Pedro J. Ramírez destacó que la presidenta de la Comisión Europea, Ursula von der Leyen, expresó una «verdad incómoda» al reconocer que el viejo mundo basado en normas internacionales ya no existe.
Al respecto, se preguntó dónde estaba la legalidad internacional cuando los gobiernos de Irán o Venezuela violaban sistemáticamente los derechos humanos de sus ciudadanos.
«Defender la legalidad internacional no puede ser una excusa para la inacción ante situaciones intolerables desde la perspectiva de la dignidad humana», afirmó Ramírez.
Coincidió con la feminista histórica del PSOE Amelia Valcárcel al señalar que el «No a la guerra» que defiende Sánchez es similar a decir «No al cáncer», «No a los accidentes de tráfico» o «No a la contaminación».
«La cuestión reside en qué se hace cuando la guerra ya existe», añadió.
Sobre la postura de Sánchez, afirmó: «cuando no tienes capacidad de influir, ni peso alguno, solo queda componer versos mientras los perros ladran a la luna«.
Al responder preguntas de los suscriptores de EL ESPAÑOL, Pedro J. Ramírez también abordó la herramienta denominada por el Gobierno como «Hodio», presentada por Pedro Sánchez el miércoles para perseguir mensajes de odio en redes sociales.
«Se comienza pactando con herederos de asesinos y partidos golpistas, y se termina despreciando la ortografía, en esa degradación estamos«, ironizó el director de EL ESPAÑOL.
Recordó que Sánchez inició su campaña para «señalar a los medios críticos como una máquina de fango y desacreditar al PP como extrema derecha», justo cuando salían a la luz casos de corrupción que afectan a su esposa, al exministro José Luis Ábalos y al exsecretario de Organización del PSOE Santos Cerdán.
A su juicio, habría sido más sensato que el presidente ordenara una investigación interna para esclarecer estos casos o que promoviera una normativa destinada a regular el conflicto de intereses de los miembros del Gobierno y sus familiares.
En su diálogo con los suscriptores, Pedro J. Ramírez afirmó que Pedro Sánchez convirtió desde el principio la «polarización» en su principal herramienta para confrontar a sus adversarios políticos.
Con su última iniciativa, ahora pretende adjudicar el odio a sus oponentes, por medio del «efecto espejo».
Con todo ello, afirmó Pedro J., Sánchez pretende «llevar el debate político a un terreno de guerra civil, ajeno a la España constitucional«.
España disfruta el período más largo de libertades en su historia gracias a los consensos y valores compartidos establecidos durante la Transición, basados en la «unidad e identidad de la nación» española, indicó el periodista.

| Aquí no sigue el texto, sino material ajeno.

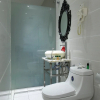 Отель OYO Rooms Fahrenheit Mall, фото 6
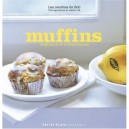 Muffins Comme A New York - Collectif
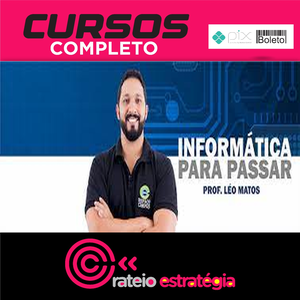 Concursos79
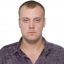 alexej67vip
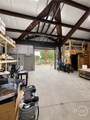 4860 Atlanta Highway - Photo 12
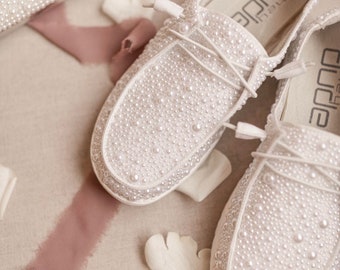 Custom Hey Dudes Wedding Hey Dudes Western Wedding Shoes Women s Hey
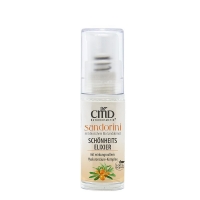 CMD: Sandorini Schönheits Elixier, 5 ml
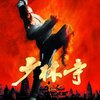 映画『少林寺』THE SHAOLIN TEMPLE 【評価】A リー・リンチェイ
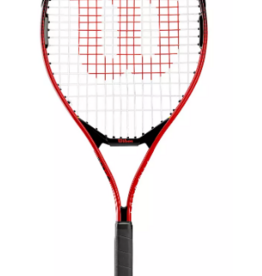 Wilson Wilson Pro Staff Precision Jr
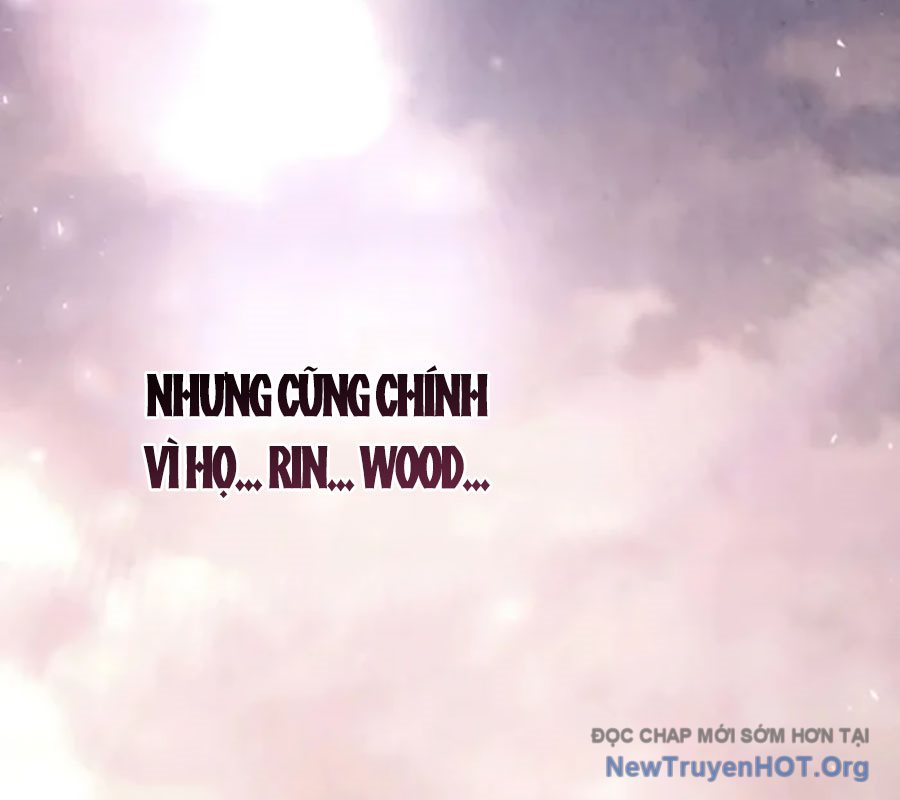 Kẻ Kiến Tạo Hầm Ngục Chap 39 - Next Chap 40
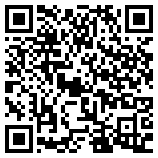 QR Code for Swank Associated Companies Inc PA in Carnegie, PA 15106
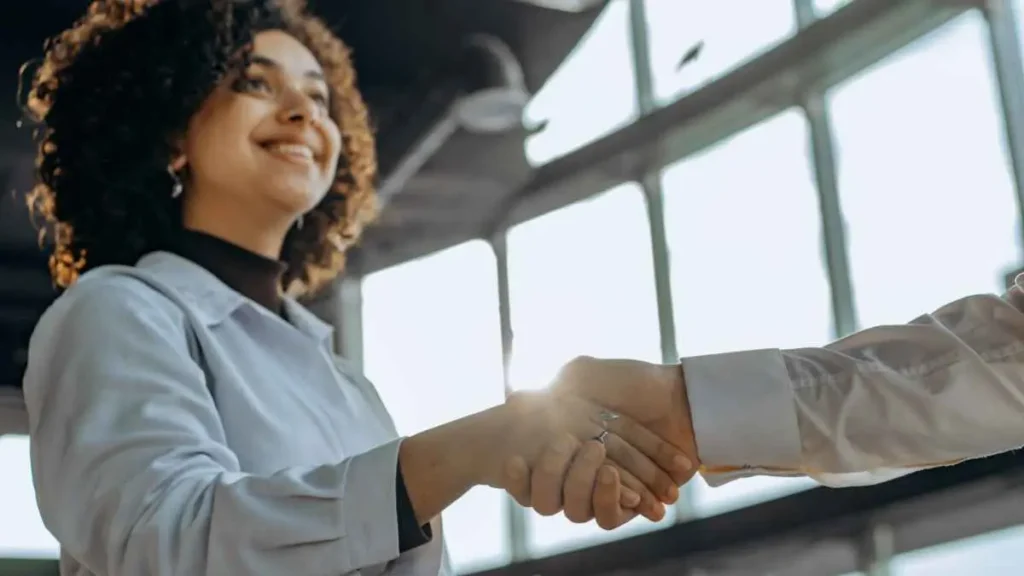 Business Opportunity How to Spot, Evaluate, and Seize the Right One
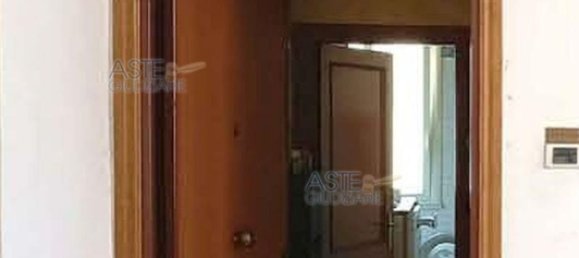 5-Zimmer Wohnung in Guidonia Montecelio, Italy, Nr. 290150 19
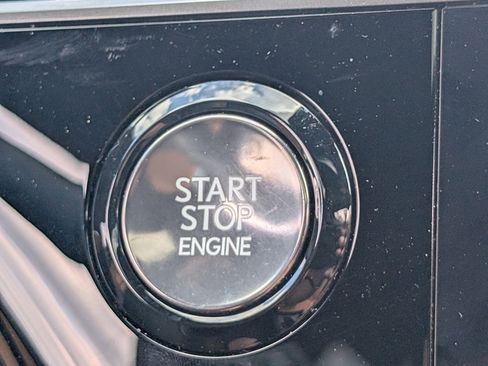 Used 2023 Lexus RX 350 Premium w/ Cold Area Package image 26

Estos consensos se quebraron cuando, tras perder en las elecciones del 23J, Sánchez decidió continuar gobernando con el apoyo del «partido heredero del movimiento terrorista que asesinó a más de 800 españoles, y de los dos partidos que impulsaron el intento de golpe de Estado en 2017 para la secesión de Cataluña».

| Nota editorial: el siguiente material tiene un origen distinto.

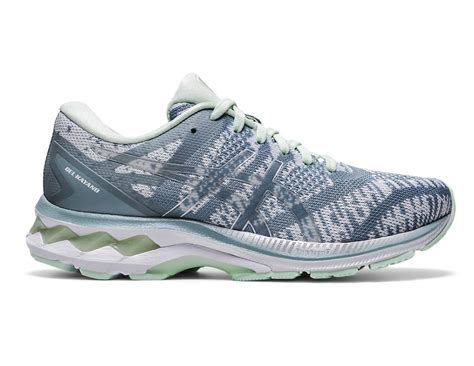 Best Running Shoes for Women of 2023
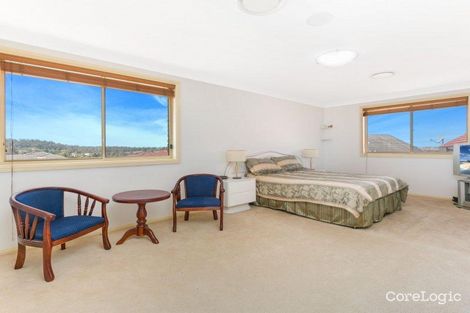 Property photo of 11 Hanover Street Cecil Hills NSW 2171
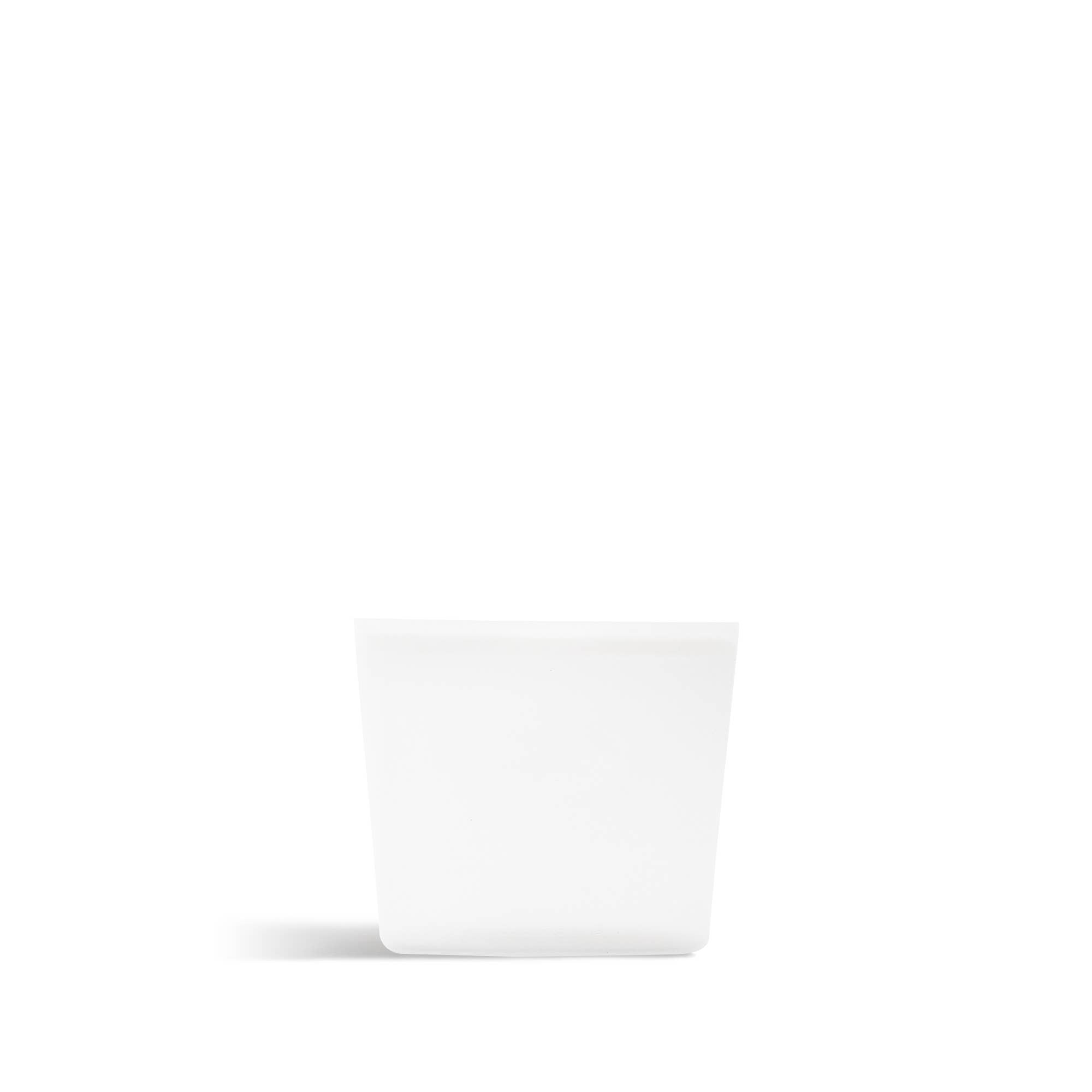 Everneat - Wholesale Food Storage Wrap/Bag - Silicone Bag (Self Standing for Snacks)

Además, recordó, «negociando la investidura con una amnistía que él había negado por considerarla inconstitucional».
Ahora, Sánchez intenta mantenerse en el poder mediante una insólita «concentración de poder real en la Moncloa», tras haber tomado control sobre organismos como el CIS o el Banco de España, y con RTVE transformada en una «máquina de guerra«, donde lo menos sesgado y sectario son los informativos.
A juicio de Pedro J., el presidente Pedro Sánchez «pretende sustituir el debate democrático basado en el control del poder», con un sistema de contrapesos, por la repetición del Duelo a garrotazos de Goya.